1conda activate /path/to/project_dir/conda_env
2conda env export > conda_environment.yml

Adding the BQSR workflow

The above workflow will already result in a set of annotated variants that can be sufficient for further analysis. To further refine the called variants, the GATK team recommends to perform base quality score recalibration (BQSR). Therefore BQSR was implemented in a second workflow, that can optionally be run in succession of the first workflow, to further improve the called variants through BQSR.

  1. The BQSR workflow has to be run within the same directory where the previous workflow was executed.

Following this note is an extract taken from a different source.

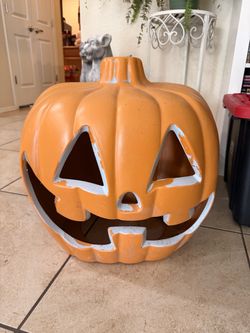 HALLOWEEN DECORATIONS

So cd into the project directory first:

    1cd /path/to/project_dir/
    
  2. Two files have to be copied from the GitLab repository:

    /path/to/project_dir/variant_calling/SnakefileBQSR
    /path/to/project_dir/variant_calling/configBQSR.yaml (optionally)
    
  3. The conda environment that was previously used has to be activated again:

    1conda activate /path/to/project_dir/conda_env
    
  4. The input data is automatically detected from the file structure generated in the previous workflow. This includes the following directories and files, that still have to be present:

    03_mark_duplicates/<file_names>.bam
    11_filtered_removed_VCF/variants_filtered.vcf.gz
    processed_reference/<file_name>.fa.gz
    snpEffDB/<directory_name>/<genes.gff, sequences.fa.gz, snpEffectPredictor.bin>
    

    A configuration file like previously samples_and_read_groups.csv is therefore neither needed nor used.

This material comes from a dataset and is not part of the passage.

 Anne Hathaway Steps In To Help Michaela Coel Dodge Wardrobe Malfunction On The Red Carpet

  5. Fine-tuning of the workflows performance is enabled through the configuration file configBQSR.yaml. This file is mainly about Java heap size and garbage collection threads, that can be optimized for a given computing environment.

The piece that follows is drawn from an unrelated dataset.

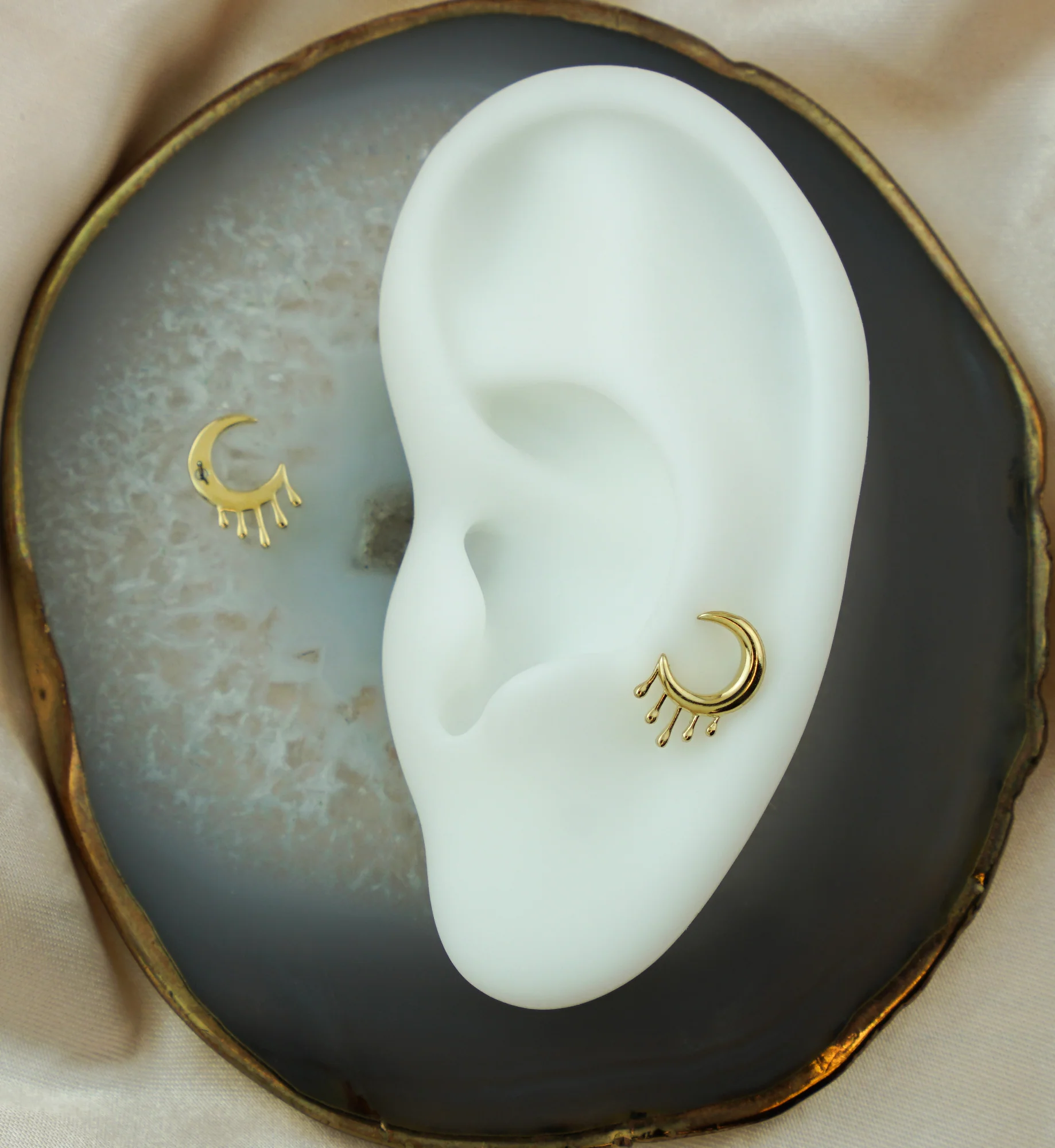 14kt Gold Multi-Drip Crescent Moon Threadless Top - Image 2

  6. The BQSR workflow can now be started like this:

    1cd /path/to/project_dir/variant_calling/
    2snakemake -p --cores <number_of_desired_threads> -s SnakefileBQSR
    

Warning

Not every version of Snakemake works with OVarFlow. The workflow makes use of so called checkpoints. Due to a bug that was introduced in Snakemake versions higher than 5.26.1 checkpoints don’t work anymore. This bug was fixed in Snakemake 5.31.0. Therefore explicit software version were defined in OVarFlow_dependencies_mini.yml. In cases were it is desired, the most current software version can be obtained using the file OVarFlow_dependencies_mini_unversioned.yml.